Gadsden had been the most productive tight end in Syracuse history, and his background as a former wide receiver set the 6’5, 236-pounder up pretty well in Jim Harbaugh’s and Greg Roman’s passing game. The debits that took him to the fifth round were more about in-line blocking, his height and weight, and whether he’d be able to deal with next-level defenders in traffic.
Little did anybody know…
Gadsden didn’t have any offensive snaps in the Chargers’ first two regular-season games, but when he got opportunities, he certainly made the most of them. Over the Chargers’ last three games, concluding with the team’s 37-10 blowout of the Minnesota Vikings last Thursday night, Gadsden has 19 catches for 309 yards and two touchdowns. That yardage total makes Gadsden the third tight end since at least 1970 to gain more than 300 in a three-game stretch, along with Kyle Pitts of the Atlanta Falcons, and Brock Bowers of the Las Vegas Raiders.

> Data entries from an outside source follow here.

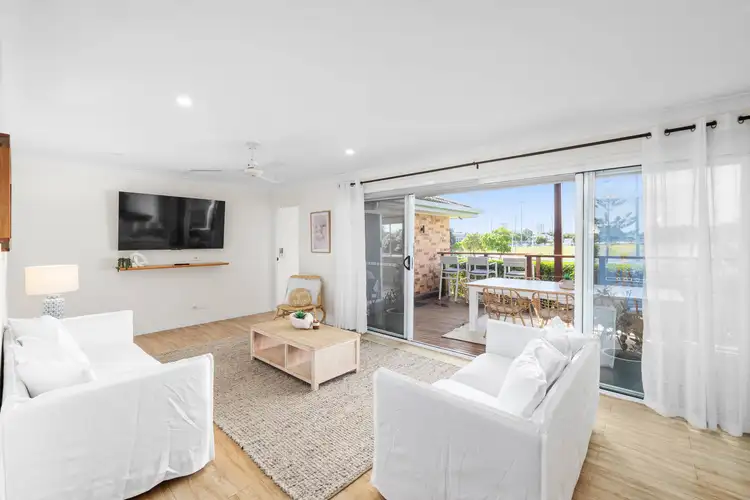 Sixth view of Homely semi-detached listing, 1/23 Galeen Drive, Burleigh Waters QLD 4220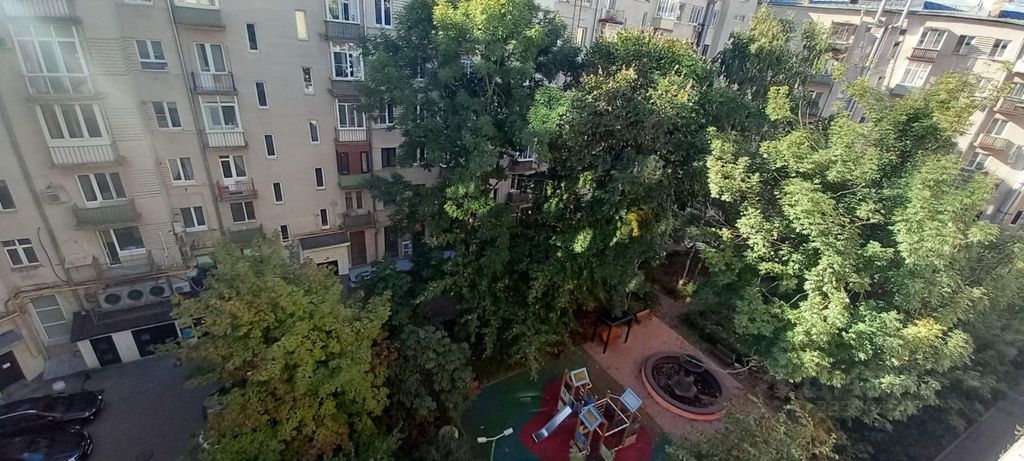 m. Mayakovskaya: Apartment, 2-rooms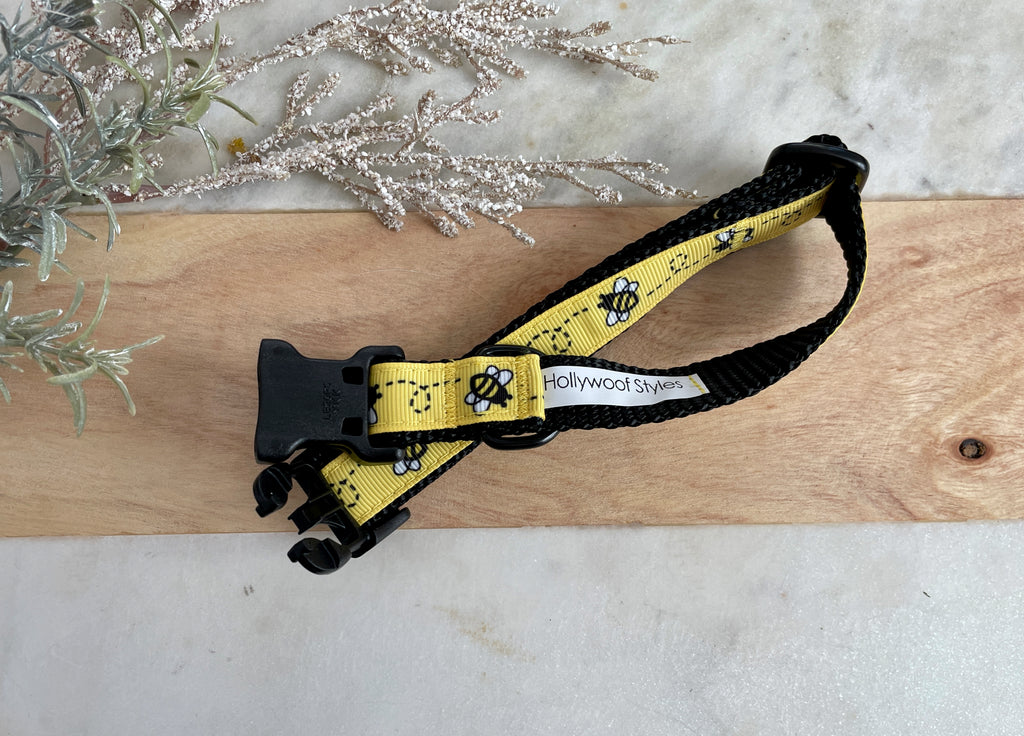 3/4" Bees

As Pitts was the fourth overall pick in the 2021 draft, and Bowers was the 13th overall pick in the 2023 draft, to have a 167th overall pick playing at this altitude is quite something.

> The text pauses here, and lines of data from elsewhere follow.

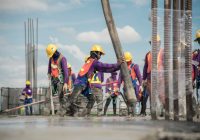beton cor ready mix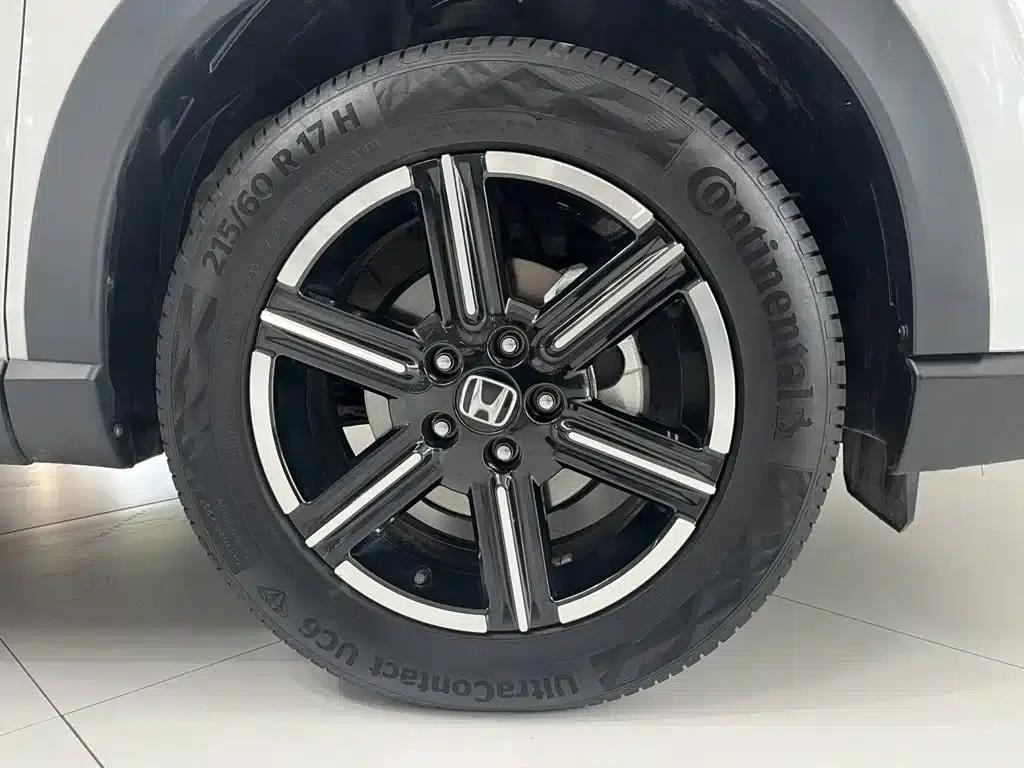 Vezel 2023 1.5L CVT Tech Edition — миниатюра 14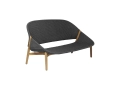 Elio 2-seat linen wenge.jpg
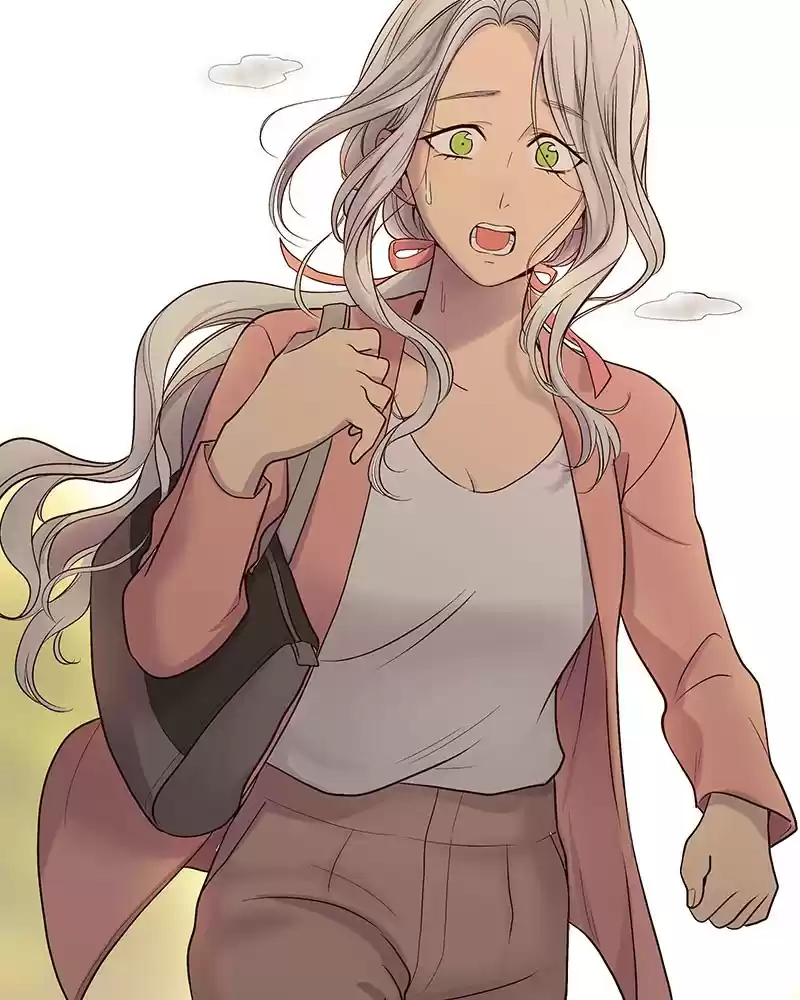 My Deepest Secret Chapter 75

Moreover, Gadsden is doing all of this from multiple deployments in the formation, and with multiple routes. He’s proven to be an all-in asset in that regard pretty quickly.
“He’s just super-talented,” Harbaugh concluded of his rookie after the Vikings blowout, in which Gadsden caught five passes on five targets for 77 yards and a touchdown. “The thing that strikes me the most is that he plays like he’s been playing in the NFL for two, three, four years. He seems like a four-year, five-year player to me. I’m sure that Mr. Gadsden and Mrs. Gadsden have poured that into him, and with his dad playing, you could probably connect the dots there that he’s been in the league his whole life. That’s how he plays. That’s how he approaches everything that he does in the meeting environment [and] the training environment.
“Even after he had a couple good games early, he kept saying, ‘I have to keep going, coach. I have to keep pushing.’ That’s been well-coached into him and well-parented into Oronde, and it bodes well for the Chargers.”
Quarterback Justin Herbert had no trouble agreeing with Harbaugh’s positive assessment.
“As soon as he got here for camp, we knew he was going to be pretty good,” Herbert said post-game. “He made a ton of plays, picked up the offense really quickly, and just found a way to get open. That’s what he did tonight, and we’re definitely going to get him the ball as much as we can, because good things happen when he gets it.”
The Chargers next play on November 2 against the Titans, who currently rank sixth in Defensive DVOA against tight ends. So, that could be a battle beyond what one might expect from Tennessee’s defense. But if there’s one thing Oronde Gadsden II has proven in his brief NFL career to date, it’s that he’s not to be dismissed or underrated under any circumstances.
Any defense that does so will come to regret it.